[Python-ideas] Processing surrogates in

Wed May 13 20:18:44 CEST 2015

On May 13, 2015, at 07:33, random832 at fastmail.us wrote:
> 
>> On Thu, May 7, 2015, at 18:30, Stephen J. Turnbull wrote:
>> Chris Barker writes:
>> 
>>> I've read many of the rants about UTF-16, but in fact, it's really
>>> not any worse than UTF-8
>> 
>> Yes, it is.  It's not ASCII compatible.  You can safely use the usual
>> libc string APIs on UTF-8 (except for any that might return only part
>> of a string), but not on UTF-16 (nulls).  This is a pretty big
>> advantage for UTF-8 in practice.
> 
> If you're using libc, why shouldn't you be using the native wide
> character types (whether that it UTF-16 or UCS-4) and using the wide
> string APIs?

That's exactly how you create the problems this thread is trying to solve.

If you treat wchar_t as a "native wide char type" and call any of the wcs functions on UTF-16 strings, you will count astral characters as two characters, illegally split strings in the middle of surrogates, etc. And you'll count BOMs as two characters and split them.

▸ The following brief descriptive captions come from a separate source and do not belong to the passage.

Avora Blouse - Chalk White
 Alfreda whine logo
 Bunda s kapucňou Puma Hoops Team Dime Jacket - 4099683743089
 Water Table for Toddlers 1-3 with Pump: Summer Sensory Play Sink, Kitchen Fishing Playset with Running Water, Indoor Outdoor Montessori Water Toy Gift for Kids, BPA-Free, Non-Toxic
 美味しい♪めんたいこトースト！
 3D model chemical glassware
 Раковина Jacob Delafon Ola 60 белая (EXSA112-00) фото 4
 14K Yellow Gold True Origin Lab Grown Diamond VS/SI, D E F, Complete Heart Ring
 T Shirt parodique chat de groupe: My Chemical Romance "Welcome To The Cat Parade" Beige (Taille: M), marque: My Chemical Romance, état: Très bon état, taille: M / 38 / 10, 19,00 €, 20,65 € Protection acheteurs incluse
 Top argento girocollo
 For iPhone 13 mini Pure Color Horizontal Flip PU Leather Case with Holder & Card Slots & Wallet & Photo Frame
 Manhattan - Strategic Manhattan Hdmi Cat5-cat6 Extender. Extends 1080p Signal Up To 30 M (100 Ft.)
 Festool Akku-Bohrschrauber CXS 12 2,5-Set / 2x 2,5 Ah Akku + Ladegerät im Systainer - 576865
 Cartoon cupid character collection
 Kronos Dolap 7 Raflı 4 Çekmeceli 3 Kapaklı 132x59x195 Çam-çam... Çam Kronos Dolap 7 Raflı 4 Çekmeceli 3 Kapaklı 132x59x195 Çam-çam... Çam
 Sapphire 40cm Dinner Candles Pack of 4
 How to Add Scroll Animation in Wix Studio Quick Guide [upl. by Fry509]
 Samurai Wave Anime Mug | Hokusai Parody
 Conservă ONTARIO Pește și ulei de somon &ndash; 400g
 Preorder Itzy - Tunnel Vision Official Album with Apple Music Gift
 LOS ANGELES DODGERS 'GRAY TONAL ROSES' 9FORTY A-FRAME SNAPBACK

These are basically all the same problems you have using char with UTF-8, and more, and harder to notice in testing (not just because you may not think to test for astral characters, but because even if you do, you may not think to test both byte orders).

And that's not even taking into account the fact that C explicitly allows wchar_t to be as small as 8 bits.

The Unicode and C standards both explicitly say that you should never use wchar_t for Unicode characters in portable code, only use it for storing the native characters of any wider-than-char locale encodings that a specific compiler supports.

Later versions of C and POSIX (as in later than what Python requires) provide explicit __CHAR16_TYPE__ and __CHAR_32_TYPE__, but they don't provide APIs for analogs of strlen, strchr, strtok, etc. for those types, so you have to be explicit about whether you're counting code points or characters (and, if characters, how you're dealing with endianness).